Riche idée que ce programme, sans pause, mêlant lectures, pièces pour piano et mélodies accompagnées, et réelle performance pour Lambert Wilson qui combine deux disciplines qui n’ont guère à voir l’une avec l’autre : la déclamation d’un texte et l’interprétation d’une mélodie. On sait l’intérêt que le comédien a toujours porté à la musique, les spectacles de comédie musicale, de chanson, auxquels il s’est prêté, et il avait naguère enregistré quelques mélodies françaises pour le disque. Mais on a découvert ce soir chez lui des ressources insoupçonnées.

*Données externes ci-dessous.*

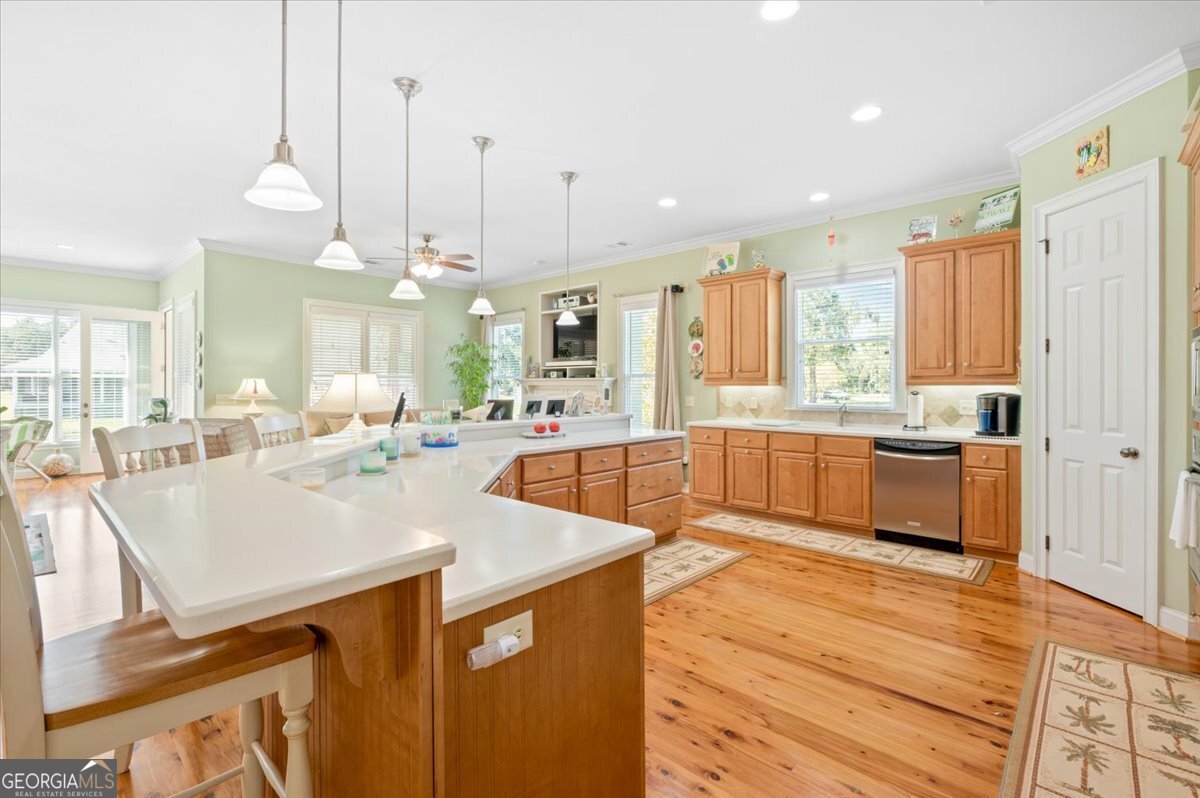 4787 Sunbury Road Midway, GA 31320 - Photo 15 of 72 a large kitchen with kitchen island a large island in it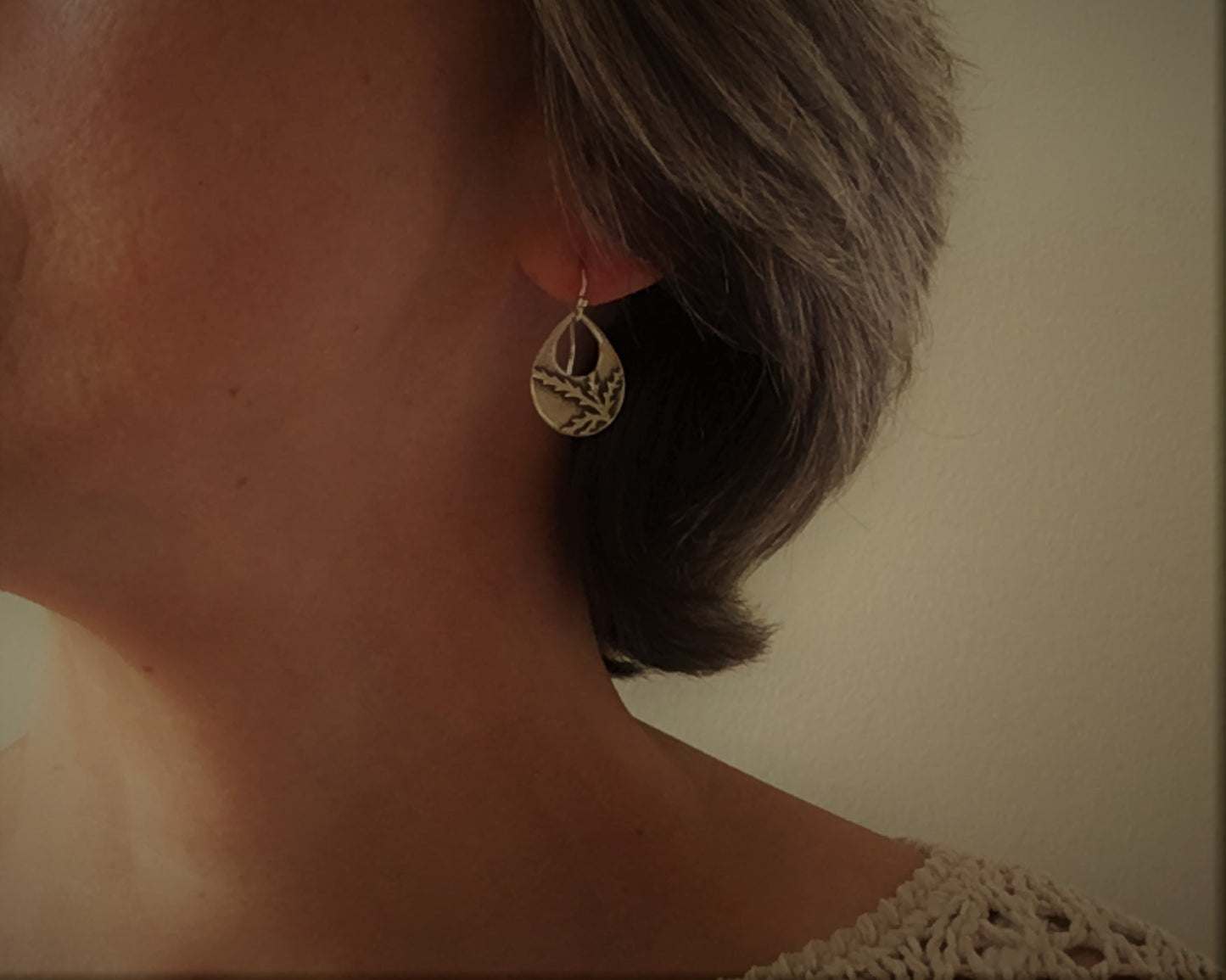 Botanical evergreen design on silver teardrop earrings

Rappelons, pour ceux qui n’en seraient pas familiers, que Vincent Van Gogh a passé à la fin de sa vie très exactement 70 jours, du 20 mai au 29 juillet 1890, à Auvers-sur-Oise. La correspondance assidue qu’il a entretenue avec son jeune frère Théo (qui mourra lui-même quelques mois plus tard des suites de la syphilis) ne relève pas toujours de la grande littérature, mais témoigne de l’extrême lucidité du peintre sur ses états psychiques successifs, de ses soucis matériels, et surtout de la joie qu’il éprouve à peindre les paysages rassurants qui l’entourent – et qui sont, en grande partie, demeurés tels quels.

Les lettres qu’a sélectionnées Lambert Wilson forment un bouleversant portrait, le public de l’église d’Auvers ayant droit de surcroît à des projections des toiles faites à Auvers et décrites par Van Gogh dans ses lettres avec une redoutable précision.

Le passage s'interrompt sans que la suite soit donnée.